Greek Debt Holders Agree to Swap, CDS Status Undetermined

Breaking from:

Financial Times Deutschland

The text is in a distinct Frankfurt dialect – and I don’t mean sausage – and Financial Times Deutschland is often worth a bit of attention.

86% of the creditors – i.e. far more than the necessary 75% – have responded and (not surprisingly) the majority positively to a substantial “haircut”. How substantial is a moot question, as the securities the investors get in exchange for their “lottery-ticket” Greek sovereign bonds have very generous terms – and as such rather low stock-exchange value.

A problem was that sovereign bonds under Greek law had no Collective Action Clause (CAC) whereby any reduction in debt would require anything but unanimity among creditors. That minor oversight was corrected a fortnight ago and retroactively instated. This means that the Greek government can now force the unwilling creditors to accept an offer they can’t refuse.

The sovereign bonds under non-Greek law with CAC will have to wait until the March 23rd to see if they can muster a blocking vote.

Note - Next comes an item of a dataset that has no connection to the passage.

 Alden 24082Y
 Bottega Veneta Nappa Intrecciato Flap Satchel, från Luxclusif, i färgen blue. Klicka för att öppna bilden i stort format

The International Swaps and Derivatives Association will meet today to discuss whether the Greek invocation of the CAC will constitute a default – in which case the Credit Default Swap (CDS) insurance will be forced to pay up. If it does not constitute a “credit event” – but is considered a “voluntary” action – the CDS isn’t concerned.
To add still more levity to the finance farce the total amount in CDS is about 70 bio. USD; but as the banks are both buyers and sellers of CDS the net flow is only about 3.2 bio. USD.

The proposition to the banks and other investors is: Either the banks lose the money because they love it – or the banks lose the money because they have guaranteed themselves they would not lose money.

How many clowns can enter a golf cart and keep the silly grin painted on the face?

This will of course poison the market for Greek sovereign bonds for a great many years to come. That is exactly the point! All loans will come through the other countries in the Euro-zone and they will only be doled out under the strictest supervision of inspectors of a particularly humourless disposition.